# New to this board but not new to IVF!



## DAB (Mar 16, 2004)

Hi there

I am new to posting on this board but have been lurking for yonks.

I am on my 5th ICSI/IVF treatment which is starting to really take it out of me.

*1st tmt* - Aug 2001 - IVF - 12 eggs. Severe OHSS and lengthy painful stay in hospital - Result: -ive  None frozen

Tubes removed in between treatments.

*2nd tmt* - Feb 2003 - Half IVF/Half ICSI - 12 eggs. Result: -ive  None frozen

*3rd tmt* - Aug 2003 - Half and half again - 15 eggs. Result +ive!! Beautiful daughter born prematurely @ 24 weeks PG and sadly died 3 minutes later  None frozen.

*4th tmt* - June 2004 - All ICSI - 14 eggs. Result -ive  None frozen

*5th tmt* - Nov 2004 - All ICSI - 16 eggs. Testing Dec 18th - Praying hard, very hard. None frozen.

Trying to be positive but finding it really hard.

DH and I have to have ICSI as my tubes got damaged during an appendectomy in my 20's.
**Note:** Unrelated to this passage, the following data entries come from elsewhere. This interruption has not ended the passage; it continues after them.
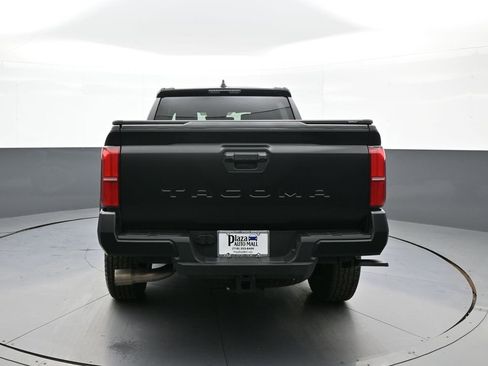 Certified 2025 Toyota Tacoma TRD Off-Road image 7
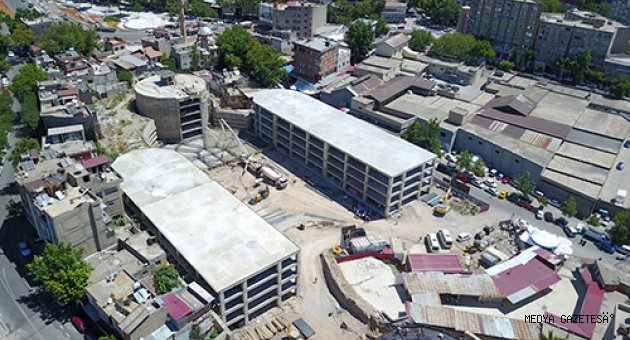 ÇOK KATLI OTOPARKTA KATLAR YÜKSELİYOR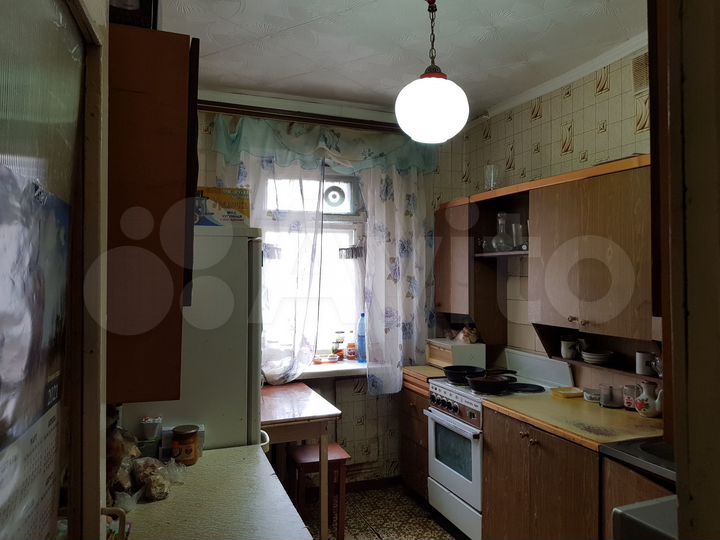 2-к. квартира, 49 м², 3/9 эт.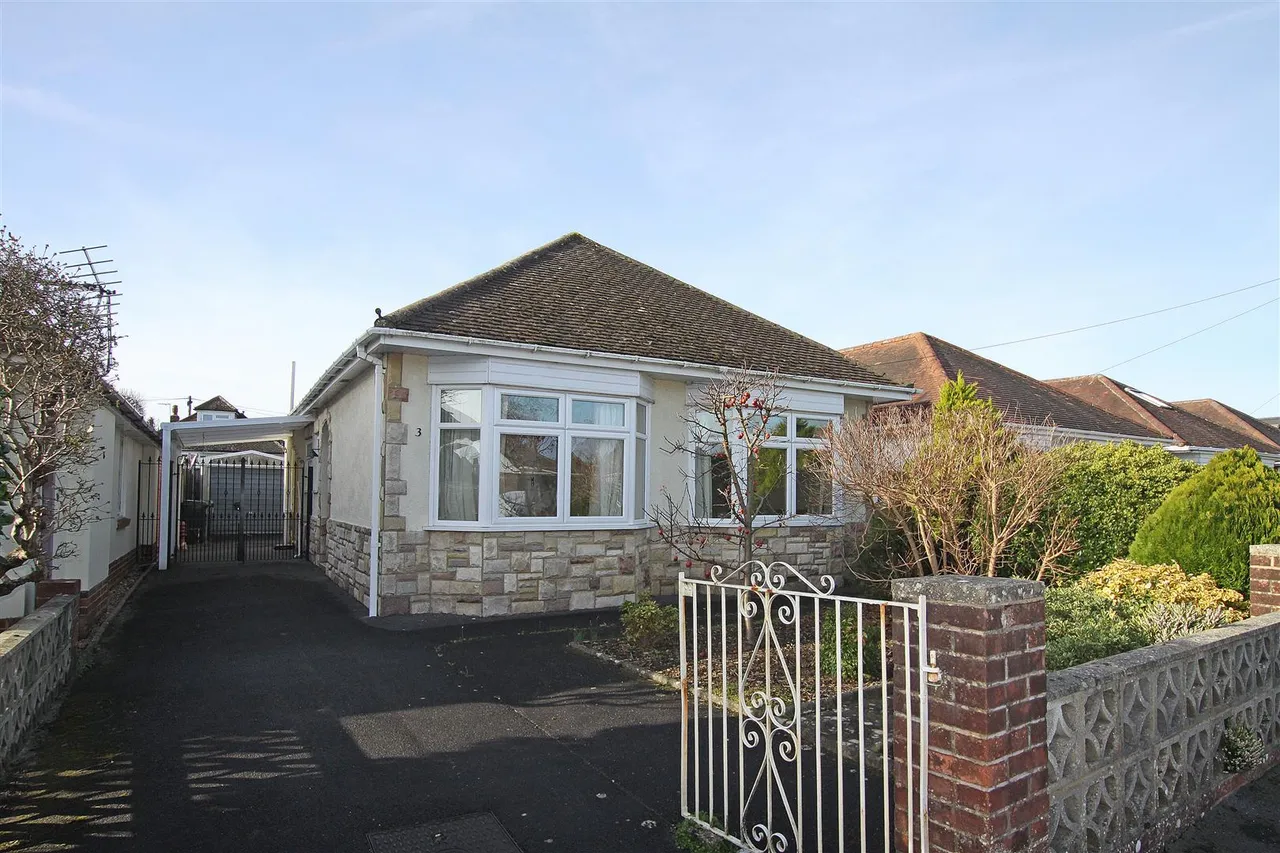 3 bed house for sale — Newmorton Road, Bournemouth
My eggs seem to let too many sperm in at one time hence why we have ICSI. I am 36 and DH is 38 - Time feels like it is running out.


----------



## Leni (May 14, 2003)

Wow Dab, what a journey you have had!
Just wanted to welcome you to the site and sending you lots of baby dust  and  for the 18th.

Leni x


----------



## chick66 (Nov 18, 2003)

Hi Dab
Welcome to the site
You have had a long journey and I hope the 28th brings you everything you wish for
Chick


----------



## olwen (Oct 26, 2004)

Hi DAB,

Sending lots of positive thoughts                  and       for the 18th.  Really hope you get a BFP.  

Love Olwen xx


----------



## kty (Nov 19, 2004)

Hello Dab,

I just wanted to wish you luck for the 18th.    .  I am so glad that you have decided to use the site. Everyone is so supportive.

Wishing you all the best,

love Kty xxxx


----------



## Bels (Aug 21, 2004)

Hello Dab!

Welcome to FF!

Sending you loads of     for the 18th Dec!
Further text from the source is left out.